Promises can be found all over the place! Ads on television promise everything from to beautiful white teeth to cars that parallel park themselves. Pill bottles promise you’ll lose 20 pounds or have more energy. Sometimes your children promise “I’ll feed him and walk him and clean up after him!” when a new puppy is in question. If you think back over your life, memories of promises broken stick with you much longer than promises kept. We expect promises to be kept, and when they aren’t it causes disappointment and discouragement. Proverbs 13:12 tells us that “hope deferred makes the heart sick”.
Christmas reminds us of the biggest, best promise kept! The promise of a Savior and the hope of eternal life with the God who created us. Talk about hope! Because that’s what promises really are – a reason to hope. Those promises, all that hope, is found throughout scripture. The Bible is full of hope for our everyday lives, hope for our future, hope for answers to our dilemmas and wisdom to navigate our lives.
Knowing and recognizing the kept promises of God can be a great thing to share with your daughter. Look for opportunities to point out how God provides, and when He keeps His promises. Talk about the promises, use them to reassure, quote them to encourage, and refer to them when there are decisions to be made. To do this, you have to know the promises and recognize them yourself. Maybe you could make it a point in your devotional time this coming year to search out, memorize, and meditate on God’s promises. Perhaps you’ll want to list them, and note examples from your own life experiences of God’s faithfulness. Then look for opportunities to share those with your daughter. Help her see that they apply to her too, if she’s a child of God. Help her to recognize God working in her life.

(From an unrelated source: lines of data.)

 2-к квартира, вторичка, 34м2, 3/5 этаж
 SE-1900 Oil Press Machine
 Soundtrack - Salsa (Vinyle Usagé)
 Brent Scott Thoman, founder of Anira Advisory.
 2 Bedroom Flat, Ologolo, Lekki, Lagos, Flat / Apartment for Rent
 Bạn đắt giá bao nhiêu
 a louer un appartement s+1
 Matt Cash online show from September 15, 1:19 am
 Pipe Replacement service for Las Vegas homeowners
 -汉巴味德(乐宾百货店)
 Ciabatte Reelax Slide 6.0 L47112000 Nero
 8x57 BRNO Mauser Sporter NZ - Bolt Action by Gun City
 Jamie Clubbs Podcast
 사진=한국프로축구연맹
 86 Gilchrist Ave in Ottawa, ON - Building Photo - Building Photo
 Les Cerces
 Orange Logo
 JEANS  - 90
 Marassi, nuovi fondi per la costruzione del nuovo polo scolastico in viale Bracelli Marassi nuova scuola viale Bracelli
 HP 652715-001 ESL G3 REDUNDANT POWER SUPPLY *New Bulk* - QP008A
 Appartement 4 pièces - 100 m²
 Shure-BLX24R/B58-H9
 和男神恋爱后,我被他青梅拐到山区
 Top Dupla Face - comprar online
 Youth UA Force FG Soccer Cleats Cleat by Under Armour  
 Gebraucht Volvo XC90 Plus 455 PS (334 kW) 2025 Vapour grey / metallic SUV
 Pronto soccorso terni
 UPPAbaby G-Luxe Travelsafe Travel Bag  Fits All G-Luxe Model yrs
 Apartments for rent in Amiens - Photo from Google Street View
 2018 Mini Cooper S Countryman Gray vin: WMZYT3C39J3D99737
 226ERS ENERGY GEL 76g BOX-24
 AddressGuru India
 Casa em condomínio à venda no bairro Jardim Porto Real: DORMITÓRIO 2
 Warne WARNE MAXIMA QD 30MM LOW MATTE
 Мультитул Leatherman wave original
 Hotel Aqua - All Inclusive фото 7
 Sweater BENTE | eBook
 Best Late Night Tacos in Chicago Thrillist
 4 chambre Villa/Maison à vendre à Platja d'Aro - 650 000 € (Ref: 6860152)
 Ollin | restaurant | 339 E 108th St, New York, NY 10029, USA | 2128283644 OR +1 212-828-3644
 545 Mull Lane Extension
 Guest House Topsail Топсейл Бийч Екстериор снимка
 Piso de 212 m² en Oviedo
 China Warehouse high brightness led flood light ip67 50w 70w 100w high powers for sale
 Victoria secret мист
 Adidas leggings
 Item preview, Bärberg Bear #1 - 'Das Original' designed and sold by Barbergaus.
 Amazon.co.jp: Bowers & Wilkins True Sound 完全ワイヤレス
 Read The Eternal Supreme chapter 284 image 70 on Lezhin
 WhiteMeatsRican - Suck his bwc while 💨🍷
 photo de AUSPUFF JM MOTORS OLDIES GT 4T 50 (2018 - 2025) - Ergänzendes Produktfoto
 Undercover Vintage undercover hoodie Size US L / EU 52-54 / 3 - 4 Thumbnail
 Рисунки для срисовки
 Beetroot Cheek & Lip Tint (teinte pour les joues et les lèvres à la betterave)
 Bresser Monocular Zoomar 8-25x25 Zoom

Seeing God’s faithfulness should also make us more careful with our own promises. If you promise to pray for someone, pray, maybe stopping right where you are to bring their need to the Lord. If you promise someone an answer “soon”, figure it out and give them their answer. If you make a promise to your children that you are then not able to keep, explain why and offer an alternative solution. Since we know kids learn by what they see in our lives everyday, help them learn trust and respect by keeping your word. Try not to make promises to your kids that you can’t be sure you can keep, perhaps telling them you will “do your best”. When your daughter experiences a broken promise from a friend, a boy, or a teacher, talk to her about resilience, forgiveness, and learning how to how to deal with disappointment.
This Christmas, undoubtedly there will be some “promises kept” and some “hope deferred” in all those packages under the tree, but let’s make sure to emphasize as much as we can the incredible promise God kept on that first Christmas!